Most news publishers have been cautious to enter the fast-growing space of affiliate marketing and embrace the revenue growth that e-commerce has driven, particularly in the last two years.
Traditional newsrooms can often be hesitant about their publications expanding the content-to-commerce model. They are concerned about further dilution of journalistic ideals in a modern news landscape that already places a premium on clicks and attention over mission-critical journalism.
However, as marketers have pivoted away from traditional digital display advertising and more toward growth areas like social video and performance marketing, news publishers should consider following suit and reconsider their willingness to produce more content that can drive affiliate revenues.
With the world economy outlook uncertain, it is critical, now more than ever, for publishers to consider this model as advertisers will consider shifting spend from fixed buys to more performance marketing in a recessionary environment.
Given the importance of diversifying and growing this revenue stream, there are several reasons news publishers should look to invest and grow affiliate commerce revenue.
Within the last decade, several long-standing and highly reputable publications — like The New York Times, New York Magazine, and Chicago Tribune — have expanded their affiliate content businesses.

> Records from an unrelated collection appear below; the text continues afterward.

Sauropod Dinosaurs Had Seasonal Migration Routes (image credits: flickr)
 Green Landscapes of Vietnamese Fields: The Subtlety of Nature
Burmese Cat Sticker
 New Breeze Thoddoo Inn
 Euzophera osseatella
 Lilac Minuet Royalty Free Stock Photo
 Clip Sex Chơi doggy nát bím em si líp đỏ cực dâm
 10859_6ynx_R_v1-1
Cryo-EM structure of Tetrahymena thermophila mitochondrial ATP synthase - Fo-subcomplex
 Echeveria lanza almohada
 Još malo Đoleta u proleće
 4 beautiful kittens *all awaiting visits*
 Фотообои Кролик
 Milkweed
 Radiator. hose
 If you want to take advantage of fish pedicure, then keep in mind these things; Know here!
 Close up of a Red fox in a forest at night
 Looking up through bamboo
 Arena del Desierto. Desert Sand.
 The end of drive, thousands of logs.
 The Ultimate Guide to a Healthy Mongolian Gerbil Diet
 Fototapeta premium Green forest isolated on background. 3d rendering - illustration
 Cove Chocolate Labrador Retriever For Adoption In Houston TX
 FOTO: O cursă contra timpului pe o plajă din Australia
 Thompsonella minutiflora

For many publications, these commerce-driven revenue streams have turned from small parts of the revenue mix to meaningful shares that continue to enjoy double-digit growth now. This is likely to be the case for the next few years.
Regardless of whether a publisher is just getting started on an affiliate commerce business or looking to accelerate, we’ve compiled a few key trends for publishers to consider.
Affiliate commerce-driven revenue has grown significantly since the start of COVID-19
In the last two years, digital advertising revenue has been through several ups and downs. There was an initial drop in mid-2020 followed by a fairly strong recovery over the last two years.
However, with traffic down for most publishers, display and video advertising has seen slowing growth this year, in particular. While traditional digital display and video have seen some instability, affiliate commerce has been a strong source of growth for publishers.
It is true that commerce-related content has become significantly more competitive at the same time. However, in many ways, news publishers are well-positioned to attract and monetise their current audiences — who often come through direct channels, e-mail newsletters, or even social media — rather than having to dominate in search to achieve a successful affiliate model.
Publishers can build powerful stand-alone brands to drive affiliate commerce without negatively impacting journalism
Multiple news publishing giants turned to acquisitions in the face of rising e-commerce demand. The New York Times and the USA Today Network acquired product-review sites to boost e-commerce affiliate marketing revenues but maintained the separation between the two sites. This stand-alone model has many benefits for both sites.
According to Mat Yurow, chief of staff and head of strategy at Wirecutter, The New York Times acquired Wirecutter in part “to build a single, really strong brand that covers a breadth of products and categories as opposed to creating a really confusing fragmented environment where people have to figure out which site to go to for any given product.”
By maintaining separation between the two sites, the Times maintains a clear division between what is primarily reviews and product recommendations from its main news outlet on the Web or app. However, the Times can still leverage its traditional news site and app to drive referral traffic to Wirecutter by linking their articles in its Smarter Living section, thus increasing Wirecutter traffic.
With potential cutbacks to ad spend, many advertisers may shift budget toward more performance-driven marketing
With advertising markets beginning to show signs of caution leading into the back half of 2022, publishers should take note of typical trends when ad spend recedes. Many advertisers will look to maintain their highest return-on-investment spend, which can often lead to a shift in spend toward more contingent and/or performance-driven marketing.
Consequently, there may be a scenario where we see a shift in spend more toward affiliate-driven deals if there is a pull-back in advertising spend due to an economic slowdown or recessionary macro-environment.
As we look even further to 2023, publishers may play an even more critical role in the online shopping journey if third-party cookies are phased out on Chrome. Since retargeting may be more difficult and/or less efficient, advertisers may look even more to publishers who have content that can target users with purchase intent.
With a more robust package of inventory, including contextual ads and affiliate links, publishers with a strong content-to-commerce model may be well-positioned to take advantage of the shift in spend from retargeted advertising.
Affiliate marketing revenues will be a major piece of most publishers’ revenue mix going forward
As publishers continue to diversify revenue, the affiliate marketing model will become a critical contributor to the overall business model. As demonstrated by the success of traditional news publishers like The New York Times, news publishers should feel confident that affiliate marketing business models can not only coexist but actually thrive along with strong journalism.